Я сказал, что начал читать с принцем «Минну фон Барнхельм» и пьеса эта кажется мне превосходной.
— О Лессинге принято говорить, — добавил я, — будто бы он человек рассудочный и холодный, а мне видится в этой пьесе столько души, столько очаровательной естественности, добросердечия и просвещенной легкости веселого, жизнерадостного человека, что большего, кажется, и желать нельзя.
— Представьте же себе, — сказал Гёте, — какое впечатление произвела «Минна фон Барнхельм», возникшая в ту темную эпоху, на нас, молодых людей. Это был сверкнувший метеор! Она насторожила нас, — значит, существует нечто более высокое, о чем наша литературная эпоха даже понятия не имеет. Два первых действия — подлинный шедевр экспозиции, они многому нас научили, да и поныне еще могут научить.
Теперь, конечно, никто и слышать не хочет об экспозиции. Раньше силы воздействия ждали от третьего акта, теперь подавай ее уже в первом явлении, и ни один человек не думает, что поэзия — как корабль, которому надо оторваться от берега, выйти в открытое море и тогда лишь поставить все паруса.
Гёте велел принести «Рейнского», это превосходное вино ему прислали в подарок ко дню рождения франкфуртские друзья. При этом он рассказал мне несколько анекдотов о Мерке, который не мог простить покойному герцогу, что в Руле под Эйзенахом тот однажды назвал отличным весьма посредственное винцо.
— Мы с Мерком, — продолжал он, — относились друг к другу, как Фауст и Мефистофель.
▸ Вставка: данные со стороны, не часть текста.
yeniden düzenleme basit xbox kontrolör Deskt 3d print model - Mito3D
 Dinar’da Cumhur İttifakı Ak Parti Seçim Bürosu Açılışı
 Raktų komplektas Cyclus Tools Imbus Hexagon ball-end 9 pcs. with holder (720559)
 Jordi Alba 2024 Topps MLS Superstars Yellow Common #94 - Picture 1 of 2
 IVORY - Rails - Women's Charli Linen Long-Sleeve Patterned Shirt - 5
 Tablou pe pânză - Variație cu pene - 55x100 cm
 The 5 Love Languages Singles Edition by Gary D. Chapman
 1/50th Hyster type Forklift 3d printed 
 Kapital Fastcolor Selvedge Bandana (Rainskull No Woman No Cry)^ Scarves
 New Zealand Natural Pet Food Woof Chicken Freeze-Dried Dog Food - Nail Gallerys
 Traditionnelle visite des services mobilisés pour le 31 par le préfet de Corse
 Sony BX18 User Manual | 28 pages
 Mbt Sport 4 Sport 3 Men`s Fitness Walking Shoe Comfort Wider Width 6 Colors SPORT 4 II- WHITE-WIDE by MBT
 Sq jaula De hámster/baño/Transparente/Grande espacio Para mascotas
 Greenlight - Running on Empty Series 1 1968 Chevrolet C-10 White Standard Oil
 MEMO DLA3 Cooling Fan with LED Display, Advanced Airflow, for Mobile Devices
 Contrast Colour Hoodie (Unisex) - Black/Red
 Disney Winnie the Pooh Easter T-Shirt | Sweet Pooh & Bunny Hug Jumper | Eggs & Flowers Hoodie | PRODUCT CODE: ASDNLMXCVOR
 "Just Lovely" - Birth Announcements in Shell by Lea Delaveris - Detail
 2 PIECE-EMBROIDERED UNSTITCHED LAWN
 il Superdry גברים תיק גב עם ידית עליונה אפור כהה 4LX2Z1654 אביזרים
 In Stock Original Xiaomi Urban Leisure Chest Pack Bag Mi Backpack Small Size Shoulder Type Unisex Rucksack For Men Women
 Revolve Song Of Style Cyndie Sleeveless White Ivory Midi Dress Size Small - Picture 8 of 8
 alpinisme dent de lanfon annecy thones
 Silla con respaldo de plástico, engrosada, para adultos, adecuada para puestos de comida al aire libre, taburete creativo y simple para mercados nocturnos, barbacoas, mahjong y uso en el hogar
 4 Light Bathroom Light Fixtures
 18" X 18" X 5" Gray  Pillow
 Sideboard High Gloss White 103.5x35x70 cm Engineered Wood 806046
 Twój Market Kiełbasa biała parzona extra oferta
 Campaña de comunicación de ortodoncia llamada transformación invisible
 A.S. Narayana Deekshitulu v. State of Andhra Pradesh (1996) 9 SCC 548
Мерк, к примеру, насмехался над письмом моего отца из Италии, в котором отец жаловался на тамошний образ жизни, непривычную пищу, на терпкое вино, на москитов; Мерк же никак не хотел примириться с тем, что в замечательной стране, среди окружающей его красоты, человек брюзжит из-за таких пустяков, как еда, питье и мошкара.
Все эти поддразнивания у Мерка, несомненно, шли от высокой культуры, но так как творческое начало в нем отсутствовало и, напротив, было ярко выражено начало негативное, то он всегда был менее склонен к похвале, чем к хуле, и бессознательно выискивал все, что могло избыть этот зуд.